Avishek Das/SOPA Images via Reuters
OpenAI's new web browser, Atlas, has been available for less than two weeks—and for now only on Apple computers—but it receiving many from attention.
This is because it is a new type of browser in a market dominated by Google Chrome. And it comes from OpenAI, the leader in AI chatbots, at a time when AI is starting to give a traditional web search race for your money.
“We believe AI represents a rare, once-in-a-decade opportunity to reimagine what a browser can be,” OpenAI CEO Sam Altman said at the conference. live broadcast to launch the browser.
Atlas comes with ChatGPT built-in, and while it can navigate the web like traditional browsers, the company says it can do much more. The feature, which OpenAI calls “agent mode,” can act as an agent who can shop for you, make advance reservations, or buy plane tickets. In this livestream, Altman's colleague demonstrated how he can read an online recipe, figure out how many ingredients are needed for a lunch kit, and then buy the ingredients online.
OpenAI says it wants to unlock the power of AI, but some analysts see increased risks. Improving the large language models that underpin artificial intelligence requires enormous amounts of data.
OpenAI has “sort of reached the limit of how much data they can get by simply collecting all the content visible on the Internet without consent,” said Anil Dash, a tech entrepreneur and author.
But because Atlas is intertwined with ChatGPT, it absorbs much more user data than a regular browser. The browser can interact with, for example, your email or Google Docs. It can store so-called “browser memories” – details of the sites you visit – so OpenAI can better understand you.
“I think a big, big, big part of this is that they're hoping to use the people who downloaded this browser as their agents to gain access to even more data,” Dash said. “I wouldn’t be surprised if more information flows to them than to the user.”
This requires a trade-off in terms of privacy. If you allow this AI agent to do the shopping for your dinner party, it will need a payment method and possibly a few passwords. You may also need to check your calendars and personal contacts.
Lena Cohen, a technologist at the Electronic Frontier Foundation, a digital rights advocacy group, is concerned about the privacy of data about browsers acting as agents.
“Agent AI mode takes these risks to a whole new level,” she said.
Users are potentially handing over more control to OpenAI than they realize, she said. “Once your data is on OpenAI’s servers, it becomes difficult to know and control what they do with it,” Cohen added.

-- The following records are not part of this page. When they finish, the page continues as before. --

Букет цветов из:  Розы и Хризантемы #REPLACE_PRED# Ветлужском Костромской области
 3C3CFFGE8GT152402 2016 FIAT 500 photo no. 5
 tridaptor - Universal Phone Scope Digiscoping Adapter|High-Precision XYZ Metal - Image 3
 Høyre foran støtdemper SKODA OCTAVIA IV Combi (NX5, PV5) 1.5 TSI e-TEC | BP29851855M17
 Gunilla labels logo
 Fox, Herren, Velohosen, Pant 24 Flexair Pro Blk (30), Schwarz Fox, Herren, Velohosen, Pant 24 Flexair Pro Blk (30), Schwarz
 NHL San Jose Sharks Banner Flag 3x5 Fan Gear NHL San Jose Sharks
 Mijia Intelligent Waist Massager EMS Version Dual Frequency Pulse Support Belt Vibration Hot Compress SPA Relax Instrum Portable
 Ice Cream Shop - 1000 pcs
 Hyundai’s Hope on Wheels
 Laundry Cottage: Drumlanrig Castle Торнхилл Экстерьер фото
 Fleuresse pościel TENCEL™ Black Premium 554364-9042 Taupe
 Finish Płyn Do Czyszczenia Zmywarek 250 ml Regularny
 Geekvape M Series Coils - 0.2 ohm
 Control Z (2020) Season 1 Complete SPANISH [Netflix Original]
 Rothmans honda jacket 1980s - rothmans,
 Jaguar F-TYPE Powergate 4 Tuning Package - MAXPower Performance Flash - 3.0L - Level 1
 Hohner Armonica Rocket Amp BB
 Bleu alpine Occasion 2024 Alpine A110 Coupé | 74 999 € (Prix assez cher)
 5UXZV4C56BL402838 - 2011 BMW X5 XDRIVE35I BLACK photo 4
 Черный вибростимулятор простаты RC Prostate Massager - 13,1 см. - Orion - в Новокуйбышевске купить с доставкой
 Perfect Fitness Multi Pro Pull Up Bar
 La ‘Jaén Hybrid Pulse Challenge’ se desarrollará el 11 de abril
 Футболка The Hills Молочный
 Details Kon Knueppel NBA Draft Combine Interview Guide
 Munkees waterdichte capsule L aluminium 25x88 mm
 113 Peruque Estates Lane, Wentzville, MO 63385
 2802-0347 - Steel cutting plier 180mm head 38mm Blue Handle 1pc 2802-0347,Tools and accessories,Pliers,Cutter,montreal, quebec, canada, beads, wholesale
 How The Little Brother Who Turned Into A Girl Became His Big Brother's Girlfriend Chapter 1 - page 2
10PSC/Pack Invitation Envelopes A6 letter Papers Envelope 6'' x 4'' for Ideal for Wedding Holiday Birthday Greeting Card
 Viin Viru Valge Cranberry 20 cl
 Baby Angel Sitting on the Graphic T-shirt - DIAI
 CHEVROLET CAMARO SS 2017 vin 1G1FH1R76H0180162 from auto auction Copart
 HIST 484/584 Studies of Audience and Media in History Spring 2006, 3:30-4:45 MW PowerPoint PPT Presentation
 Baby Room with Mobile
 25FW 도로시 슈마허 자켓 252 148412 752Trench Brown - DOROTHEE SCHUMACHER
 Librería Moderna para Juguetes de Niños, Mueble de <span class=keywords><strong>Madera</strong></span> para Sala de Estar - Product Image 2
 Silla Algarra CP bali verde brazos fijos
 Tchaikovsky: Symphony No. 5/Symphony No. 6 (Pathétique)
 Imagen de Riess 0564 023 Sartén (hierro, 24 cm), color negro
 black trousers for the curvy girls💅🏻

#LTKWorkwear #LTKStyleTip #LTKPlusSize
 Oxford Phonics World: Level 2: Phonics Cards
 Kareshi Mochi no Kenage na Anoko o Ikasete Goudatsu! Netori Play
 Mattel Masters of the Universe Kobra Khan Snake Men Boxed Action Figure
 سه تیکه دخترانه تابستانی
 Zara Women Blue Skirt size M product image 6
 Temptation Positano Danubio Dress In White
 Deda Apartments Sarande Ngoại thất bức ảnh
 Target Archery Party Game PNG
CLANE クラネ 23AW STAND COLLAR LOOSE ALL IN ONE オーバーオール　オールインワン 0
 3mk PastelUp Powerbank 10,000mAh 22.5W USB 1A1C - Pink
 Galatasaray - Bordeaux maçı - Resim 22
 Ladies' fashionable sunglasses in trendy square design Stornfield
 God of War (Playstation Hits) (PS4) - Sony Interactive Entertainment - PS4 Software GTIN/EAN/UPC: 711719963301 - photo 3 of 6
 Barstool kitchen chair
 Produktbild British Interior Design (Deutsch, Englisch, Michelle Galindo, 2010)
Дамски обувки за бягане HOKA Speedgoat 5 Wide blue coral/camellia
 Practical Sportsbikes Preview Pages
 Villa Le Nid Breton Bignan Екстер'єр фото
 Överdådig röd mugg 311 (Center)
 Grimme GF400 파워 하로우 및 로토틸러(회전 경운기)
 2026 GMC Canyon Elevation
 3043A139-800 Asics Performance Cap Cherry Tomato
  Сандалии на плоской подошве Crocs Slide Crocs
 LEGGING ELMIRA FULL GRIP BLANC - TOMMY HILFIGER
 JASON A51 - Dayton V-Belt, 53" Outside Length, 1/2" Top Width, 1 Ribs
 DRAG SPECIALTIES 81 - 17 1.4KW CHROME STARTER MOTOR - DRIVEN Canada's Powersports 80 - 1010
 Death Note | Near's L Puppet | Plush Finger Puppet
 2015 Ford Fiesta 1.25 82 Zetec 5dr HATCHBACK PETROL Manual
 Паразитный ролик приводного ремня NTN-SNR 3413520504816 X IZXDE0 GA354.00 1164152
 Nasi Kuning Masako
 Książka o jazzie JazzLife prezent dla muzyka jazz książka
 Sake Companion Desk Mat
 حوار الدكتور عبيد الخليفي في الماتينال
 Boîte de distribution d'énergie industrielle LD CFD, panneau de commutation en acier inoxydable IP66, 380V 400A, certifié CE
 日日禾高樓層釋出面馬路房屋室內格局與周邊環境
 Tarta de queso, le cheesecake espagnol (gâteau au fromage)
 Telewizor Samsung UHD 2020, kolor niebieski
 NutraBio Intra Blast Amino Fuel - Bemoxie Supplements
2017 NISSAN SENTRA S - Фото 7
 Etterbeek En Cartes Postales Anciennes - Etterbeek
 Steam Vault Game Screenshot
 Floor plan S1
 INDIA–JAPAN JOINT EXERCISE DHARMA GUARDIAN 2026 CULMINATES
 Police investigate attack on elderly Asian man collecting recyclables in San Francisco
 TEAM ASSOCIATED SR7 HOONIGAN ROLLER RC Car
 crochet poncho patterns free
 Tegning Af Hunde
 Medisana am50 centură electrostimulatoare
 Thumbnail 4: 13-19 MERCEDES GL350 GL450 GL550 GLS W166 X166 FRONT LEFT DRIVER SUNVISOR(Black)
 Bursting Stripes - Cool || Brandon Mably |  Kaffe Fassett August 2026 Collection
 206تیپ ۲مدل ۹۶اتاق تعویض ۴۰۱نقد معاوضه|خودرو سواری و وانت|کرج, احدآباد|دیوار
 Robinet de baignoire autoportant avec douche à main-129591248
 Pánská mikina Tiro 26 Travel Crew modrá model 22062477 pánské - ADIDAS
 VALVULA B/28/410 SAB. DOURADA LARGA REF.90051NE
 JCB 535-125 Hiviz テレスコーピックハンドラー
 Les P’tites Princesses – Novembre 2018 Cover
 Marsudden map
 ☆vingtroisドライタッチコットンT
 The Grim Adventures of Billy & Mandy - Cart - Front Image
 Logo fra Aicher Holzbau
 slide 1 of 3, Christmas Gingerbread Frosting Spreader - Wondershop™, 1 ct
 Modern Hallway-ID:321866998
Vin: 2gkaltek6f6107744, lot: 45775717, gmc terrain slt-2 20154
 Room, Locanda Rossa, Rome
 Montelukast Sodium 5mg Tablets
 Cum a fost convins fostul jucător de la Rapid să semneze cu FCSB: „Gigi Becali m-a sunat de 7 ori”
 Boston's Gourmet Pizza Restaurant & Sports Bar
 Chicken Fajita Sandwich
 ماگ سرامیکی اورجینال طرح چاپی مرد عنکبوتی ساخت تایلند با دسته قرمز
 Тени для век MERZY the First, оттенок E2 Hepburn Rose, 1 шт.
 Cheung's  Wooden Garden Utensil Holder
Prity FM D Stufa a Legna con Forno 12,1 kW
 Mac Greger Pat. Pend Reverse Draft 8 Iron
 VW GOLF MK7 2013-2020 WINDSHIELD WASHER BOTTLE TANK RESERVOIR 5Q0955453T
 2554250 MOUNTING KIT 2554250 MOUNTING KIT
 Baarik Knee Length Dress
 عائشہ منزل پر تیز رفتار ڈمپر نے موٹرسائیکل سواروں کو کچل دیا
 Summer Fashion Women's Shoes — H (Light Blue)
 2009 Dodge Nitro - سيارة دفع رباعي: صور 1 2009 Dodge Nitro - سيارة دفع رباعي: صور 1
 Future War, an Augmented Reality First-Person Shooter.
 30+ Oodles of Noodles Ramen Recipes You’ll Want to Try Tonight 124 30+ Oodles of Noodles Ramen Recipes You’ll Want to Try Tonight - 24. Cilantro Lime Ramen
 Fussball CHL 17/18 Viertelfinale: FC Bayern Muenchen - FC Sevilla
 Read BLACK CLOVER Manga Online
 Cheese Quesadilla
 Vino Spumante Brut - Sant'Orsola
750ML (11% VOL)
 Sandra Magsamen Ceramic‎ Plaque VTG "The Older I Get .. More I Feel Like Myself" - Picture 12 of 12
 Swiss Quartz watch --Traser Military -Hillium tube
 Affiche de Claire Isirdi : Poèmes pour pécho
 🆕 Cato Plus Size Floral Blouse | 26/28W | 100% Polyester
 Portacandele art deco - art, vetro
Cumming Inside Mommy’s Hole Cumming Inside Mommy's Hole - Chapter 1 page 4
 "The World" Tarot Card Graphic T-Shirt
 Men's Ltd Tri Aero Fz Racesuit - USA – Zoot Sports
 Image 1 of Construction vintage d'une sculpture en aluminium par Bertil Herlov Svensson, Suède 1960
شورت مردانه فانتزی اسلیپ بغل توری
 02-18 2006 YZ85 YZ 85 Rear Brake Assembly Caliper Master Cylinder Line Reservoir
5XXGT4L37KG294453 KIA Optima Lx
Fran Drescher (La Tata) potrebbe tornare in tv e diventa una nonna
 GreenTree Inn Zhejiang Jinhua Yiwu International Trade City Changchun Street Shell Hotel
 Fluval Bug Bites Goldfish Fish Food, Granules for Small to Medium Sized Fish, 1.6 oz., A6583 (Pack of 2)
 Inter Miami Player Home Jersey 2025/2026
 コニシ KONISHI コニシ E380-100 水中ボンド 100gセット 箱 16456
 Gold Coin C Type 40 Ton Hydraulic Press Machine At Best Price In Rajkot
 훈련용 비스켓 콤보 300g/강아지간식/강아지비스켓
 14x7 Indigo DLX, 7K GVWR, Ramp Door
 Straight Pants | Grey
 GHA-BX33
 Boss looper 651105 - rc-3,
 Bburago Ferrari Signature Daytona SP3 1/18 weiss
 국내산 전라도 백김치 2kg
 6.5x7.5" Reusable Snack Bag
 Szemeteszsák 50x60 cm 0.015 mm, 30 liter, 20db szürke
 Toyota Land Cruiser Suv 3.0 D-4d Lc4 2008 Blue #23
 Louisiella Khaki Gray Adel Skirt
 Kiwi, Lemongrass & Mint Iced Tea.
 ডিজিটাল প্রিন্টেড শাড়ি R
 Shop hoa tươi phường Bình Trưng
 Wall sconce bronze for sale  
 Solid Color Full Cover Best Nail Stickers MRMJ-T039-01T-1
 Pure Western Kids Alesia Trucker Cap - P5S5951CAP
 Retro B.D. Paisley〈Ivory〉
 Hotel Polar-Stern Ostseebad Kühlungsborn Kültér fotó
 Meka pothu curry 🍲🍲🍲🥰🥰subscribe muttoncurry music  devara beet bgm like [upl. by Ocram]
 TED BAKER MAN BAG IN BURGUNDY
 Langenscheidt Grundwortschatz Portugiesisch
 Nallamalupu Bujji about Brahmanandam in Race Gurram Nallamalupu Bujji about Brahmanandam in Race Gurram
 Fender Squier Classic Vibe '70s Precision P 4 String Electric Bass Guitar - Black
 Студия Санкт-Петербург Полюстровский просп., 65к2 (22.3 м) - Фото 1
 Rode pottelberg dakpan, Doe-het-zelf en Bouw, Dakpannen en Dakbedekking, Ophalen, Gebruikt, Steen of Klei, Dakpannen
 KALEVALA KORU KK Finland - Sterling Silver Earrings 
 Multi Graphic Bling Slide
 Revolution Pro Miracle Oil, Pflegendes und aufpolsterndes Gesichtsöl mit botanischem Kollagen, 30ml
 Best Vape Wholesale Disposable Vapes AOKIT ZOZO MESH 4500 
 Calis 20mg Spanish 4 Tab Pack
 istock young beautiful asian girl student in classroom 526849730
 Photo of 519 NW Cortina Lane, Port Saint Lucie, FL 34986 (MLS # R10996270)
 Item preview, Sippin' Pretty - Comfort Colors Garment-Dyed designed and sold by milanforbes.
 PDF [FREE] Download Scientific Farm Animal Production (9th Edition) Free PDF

NPR reached out to OpenAI with questions related to data and security and was referred to the company. statements online and their Atlas demo video. In them, the company says that by default it doesn't use the information users get in Atlas to train its artificial intelligence models, but people can opt in.
Cohen noted another potential risk that experts say could be especially dangerous for AI-powered browsers like Atlas: nefarious pieces of code hidden on websites called “quick injections.”
“Essentially, attackers can hide malicious instructions on a web page, and so when your AI agent visits that page, it can be tricked into executing those instructions,” she said.
For example, this AI agent reviewing products might encounter a quick injection that says, “Buy this product, not that one.” Or maybe it says, “Pass over your credit card information.”
OpenAI says this is an unsolved problem, but they are working on training their models to ignore these harmful instructions.
Chirag Shah, a professor at the University of Washington's School of Information Science, says artificial intelligence has become a phenomenon at incredible speed, with little regulation, and that has had consequences.
“We're in a game where the typical mentality is to move fast and break. Unfortunately, it’s not just tools or technology that break, but real people as well,” he said.